Decompile the binary and get
int __cdecl main(int argc, const char **argv, const char **envp) {
int result; // eax
int key; // [esp+18h] [ebp-207Ch]
struct stat stat; // [esp+34h] [ebp-2060h]
char encrypted_flag[512]; // [esp+8Ch] [ebp-2008h]
char buf[2048]; // [esp+88Ch] [ebp-1808h]
char v16[512]; // [esp+108Ch] [ebp-1008h]
char hostname_rev[2048]; // [esp+188Ch] [ebp-808h]
printf("Key?:");
__isoc99_scanf("%s", key);
int addr = 33554559; // 127.0.0.2
struct hostent *host = gethostbyaddr(&addr, 4u, AF_INET);
if ( host ) {
const char *hostname = host->h_name;
int hostname_len = strlen(hostname);
for (int i = 0; i < hostname_len; ++i )
hostname_rev[hostname_len - i - 1] = hostname[i];
memset(encrypted_flag, 0, 0x800u);
memset(buf, 0, 0x800u);
memset(v16, 0, 0x800u);
int fd = open("flag.txt.encrypted", O_RDWR);
fstat(fd, &stat);
size_t len = stat.st_size;
read(fd, encrypted_flag, stat.st_size);
close(fd);
len = strlen(encrypted_flag);
dec(encrypted_flag, buf, len, hostname_rev);
fd = open("flag.txt", 66, 0600);
write(fd, buf, len);
close(fd);
result = dec(buf, v16, 2048, "abc");
}
else {
herror("gethostbyaddr");
result = 1;
}
return result;
}
int __cdecl dec(char *s1, char *s2, int length, char *key) {
int result; // eax
int len = strlen(key);
for (int i = 0; ; ++i ) {
result = i;
if ( i >= length )
break;
s2[i] = s1[i] ^ key[i % len];
}
return result;
}The program will get the hostname of 127.0.0.2, reverse the hostname then xor with flag to encrypted the flag, thus we have to know the hostname to decrypt the flag.

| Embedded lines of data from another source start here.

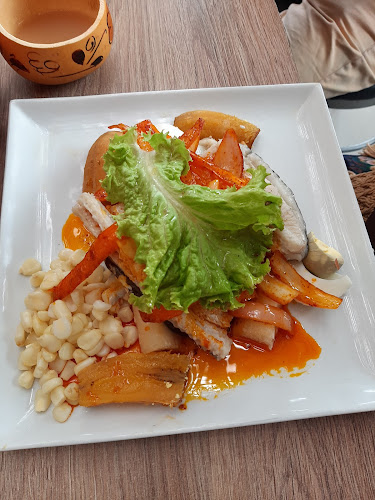 El cojudito restaurant - Monsefú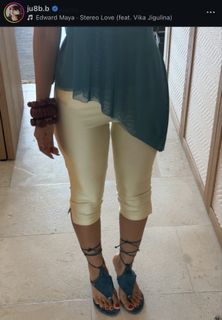 Shouq Mohammed feet photo 1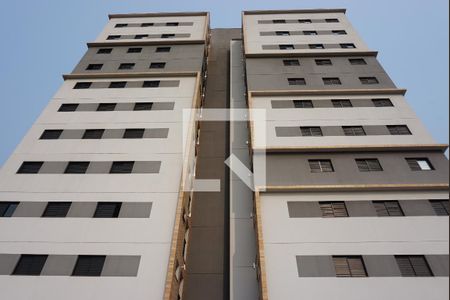 Apartamento para alugar com 89m², 3 quartos e 1 vagaFachada do Prédio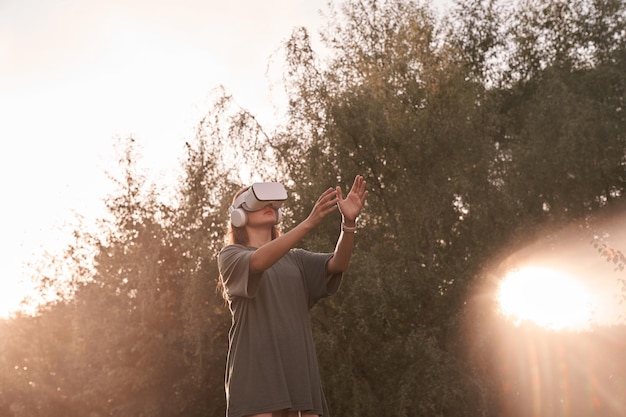 Virtual Reality for Mental Health: VR Therapy for PTSD and Anxiety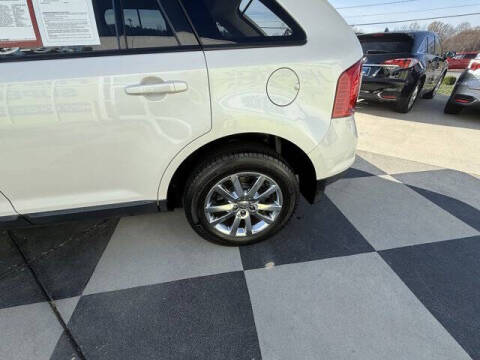 2013 Ford Edge SEL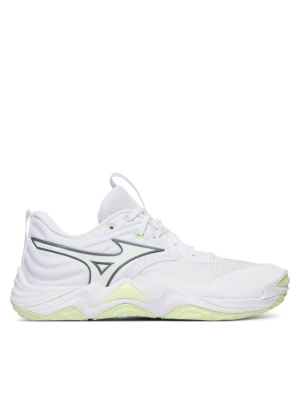Mizuno Buty halowe Wave Momentum Elite V1GC2512 Biały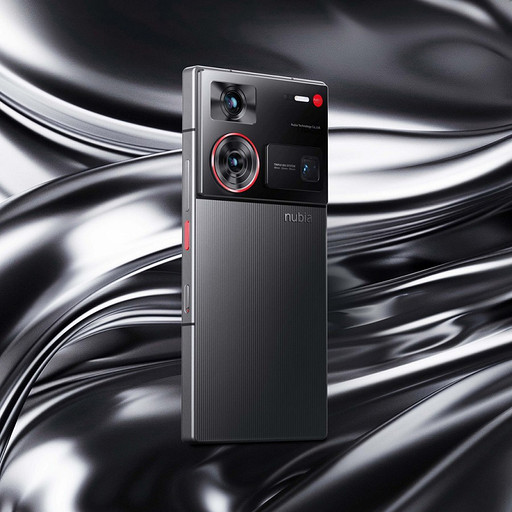 nubia выпустила флагманский смартфон Z60 Ultra Leading Version с топовым процессором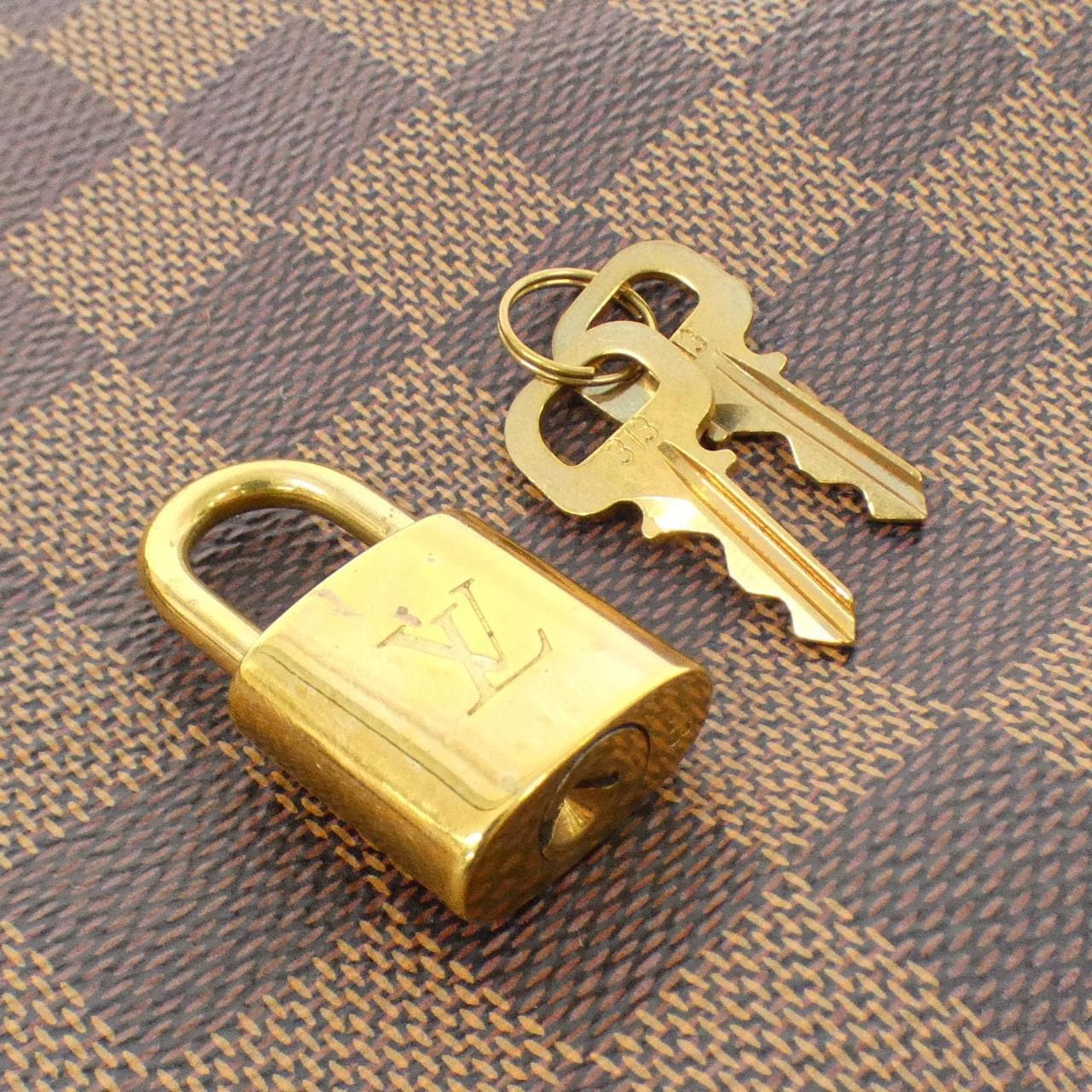 LOUIS VUITTON Damier Speedy Bandouliere 25 厘米 N41368 波士顿包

We're also given a pcap, analyze it and will found a strange string cur10us4ndl0ngh0stn4m3 inside a DNS packet.
Try to using it as the hostname to decrypt the flag:
#!/usr/bin/env python3
hostname = b"cur10us4ndl0ngh0stn4m3"
with open("./flag.txt.encrypted", "rb") as f:
flag = f.read()
hostname = hostname[::-1]
l = len(hostname)
for i in range(len(flag)):
print(chr(flag[i] ^ hostname[i % l]), end="")The output is SECCON{This flag is encoded by bogus routine}.